4u, do you need to run anything special back to the panel to install a GFI, or is it all contained in the socket itself?


----------



## smokingjoe (Nov 13, 2008)

what about pulling the face plate off the wall outlet and trimming the mylar around it then whacking the face plate back on.

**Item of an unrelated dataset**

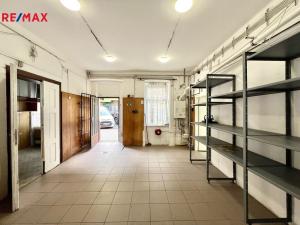 Prodej obchodního prostoru, Karlovy Vary - Drahovice, Mattoniho nábřeží, 235 m2
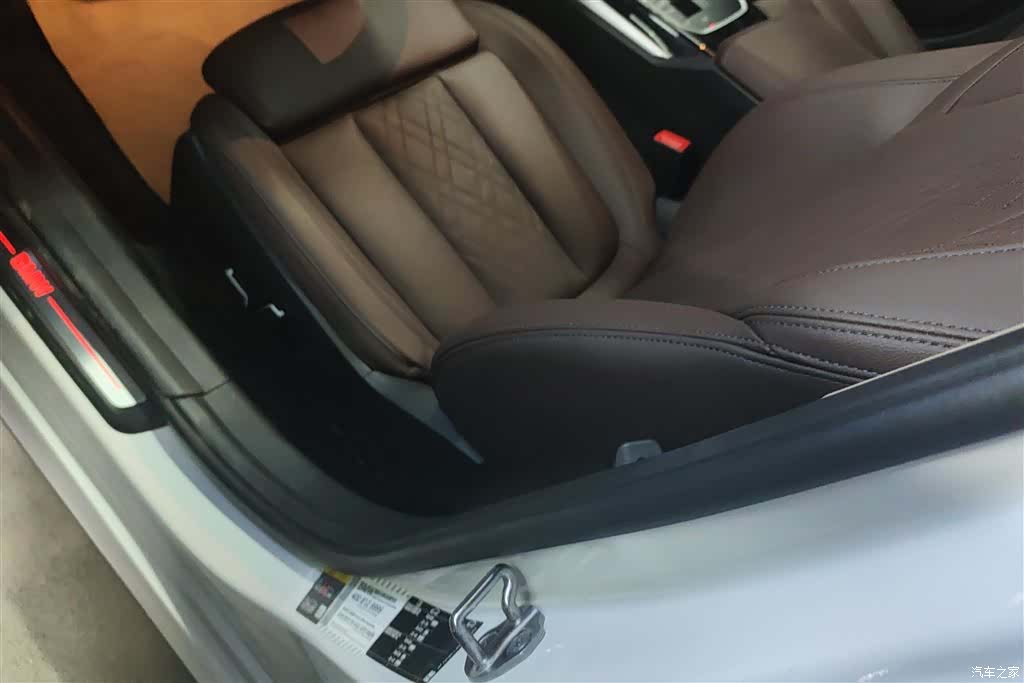 BMW i3, 2024 9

that's what I would do; but I grew up with a fastidious engineer.


----------



## BuddyLuv (Nov 13, 2008)

That is how I plan to do my outlets in my room. I have had the mylar for months just been putting off hanging it because it is such a PITA.


----------



## papabeach1 (Nov 13, 2008)

child safety plug covers is great idea.. that what I will do.. in case if I need it for fan


----------



## Wolfie (Nov 13, 2008)

4u2sm0ke said:
			
		

> all those are sweeeeeet   ideas...me myself,  would find the breaker for it..shut it off...pull two prong outlet out..and replace with G.F.I. outlet  and use it. it may be diffrent circet..why cover?......Just my Thaughts



I rent unfortunately, that's why...*sigh* plus I'm worried about any humidity issues with it being left open. I'm running all of the electrical cables outside of the closet and into a surge protector so I don't have to worry about any water accidents, etc. That mylar was a ***** to hang, it's almost impossible to get it completely flat against every surface.


----------



## 4u2sm0ke (Nov 13, 2008)

THCPezDispenser said:
			
		

> 4u, do you need to run anything special back to the panel to install a GFI, or is it all contained in the socket itself?


 
hey *THC*...No just be sure the wires are hooked to right screws..the instructions come on the box..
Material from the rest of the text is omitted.